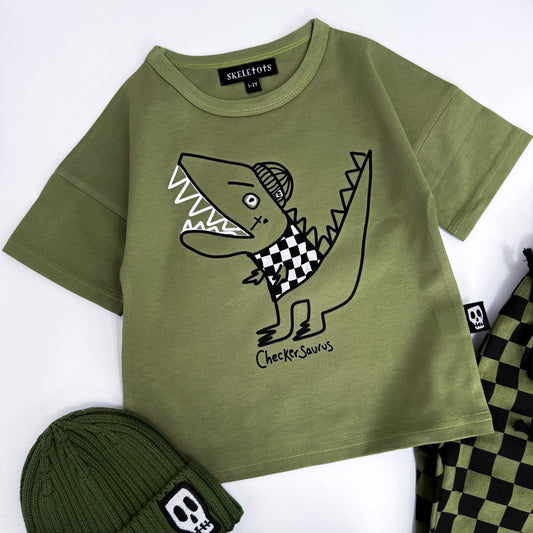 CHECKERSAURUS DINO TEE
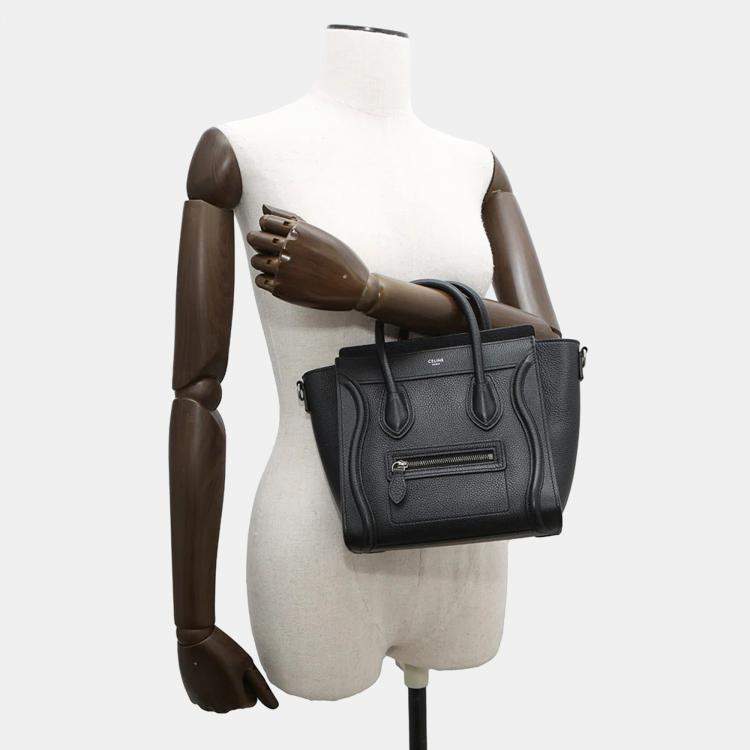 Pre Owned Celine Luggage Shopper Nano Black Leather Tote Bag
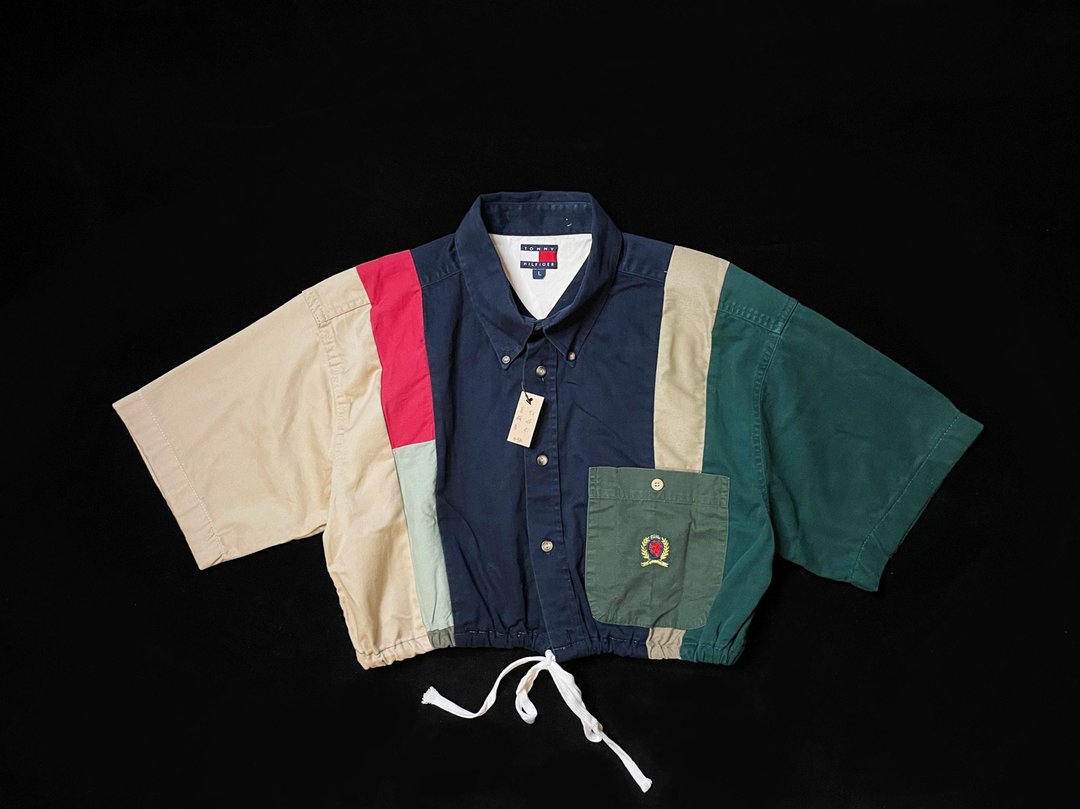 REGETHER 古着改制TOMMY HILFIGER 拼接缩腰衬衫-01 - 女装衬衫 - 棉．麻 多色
__________________________________________________
Action item
A word-for-word copy of the lines from the one with "Pre Owned Celine" through the last line of the data above is required, with both end lines included and no pictures.

Your response
 Pre Owned Celine Luggage Shopper Nano Black Leather Tote Bag
 REGETHER 古着改制TOMMY HILFIGER 拼接缩腰衬衫-01 - 女装衬衫 - 棉．麻 多色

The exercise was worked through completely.